◆ Data supplied ◆
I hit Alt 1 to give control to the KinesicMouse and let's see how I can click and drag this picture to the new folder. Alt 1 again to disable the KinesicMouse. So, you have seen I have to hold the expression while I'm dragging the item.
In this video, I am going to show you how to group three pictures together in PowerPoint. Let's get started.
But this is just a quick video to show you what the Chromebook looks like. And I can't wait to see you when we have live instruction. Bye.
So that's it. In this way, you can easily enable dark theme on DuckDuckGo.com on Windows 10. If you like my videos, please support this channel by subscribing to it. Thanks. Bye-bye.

==

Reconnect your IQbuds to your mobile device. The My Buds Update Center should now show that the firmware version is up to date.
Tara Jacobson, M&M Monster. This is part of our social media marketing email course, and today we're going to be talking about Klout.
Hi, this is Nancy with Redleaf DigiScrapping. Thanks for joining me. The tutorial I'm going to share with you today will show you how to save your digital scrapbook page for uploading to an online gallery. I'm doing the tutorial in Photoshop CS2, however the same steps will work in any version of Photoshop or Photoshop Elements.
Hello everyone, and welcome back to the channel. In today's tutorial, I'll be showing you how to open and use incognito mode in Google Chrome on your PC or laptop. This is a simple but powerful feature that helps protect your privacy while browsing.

==

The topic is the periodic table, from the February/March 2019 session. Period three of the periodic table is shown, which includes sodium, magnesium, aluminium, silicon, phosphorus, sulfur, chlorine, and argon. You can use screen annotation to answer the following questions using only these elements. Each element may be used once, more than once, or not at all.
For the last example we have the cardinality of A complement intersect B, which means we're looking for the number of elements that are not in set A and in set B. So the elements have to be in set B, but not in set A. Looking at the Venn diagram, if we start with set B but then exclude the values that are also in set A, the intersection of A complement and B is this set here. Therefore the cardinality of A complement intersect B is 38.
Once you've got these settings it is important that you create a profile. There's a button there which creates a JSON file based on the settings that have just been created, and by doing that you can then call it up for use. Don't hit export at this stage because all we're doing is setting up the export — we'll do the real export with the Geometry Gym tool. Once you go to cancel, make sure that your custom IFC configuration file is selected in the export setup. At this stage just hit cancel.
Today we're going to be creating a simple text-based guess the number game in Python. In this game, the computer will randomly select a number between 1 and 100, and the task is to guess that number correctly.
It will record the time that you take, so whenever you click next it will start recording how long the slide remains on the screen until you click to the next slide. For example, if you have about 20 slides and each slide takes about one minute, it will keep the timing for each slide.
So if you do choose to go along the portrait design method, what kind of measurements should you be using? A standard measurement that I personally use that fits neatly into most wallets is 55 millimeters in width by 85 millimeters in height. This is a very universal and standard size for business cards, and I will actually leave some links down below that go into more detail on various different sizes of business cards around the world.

◆ Aim of the task ◆
Look above for the line holding "But this is". Print it and every line after it, exactly, through the line holding "So that's it.".

◆ Task solution ◆
But this is just a quick video to show you what the Chromebook looks like. And I can't wait to see you when we have live instruction. Bye.
So that's it. In this way, you can easily enable dark theme on DuckDuckGo.com on Windows 10. If you like my videos, please support this channel by subscribing to it. Thanks. Bye-bye.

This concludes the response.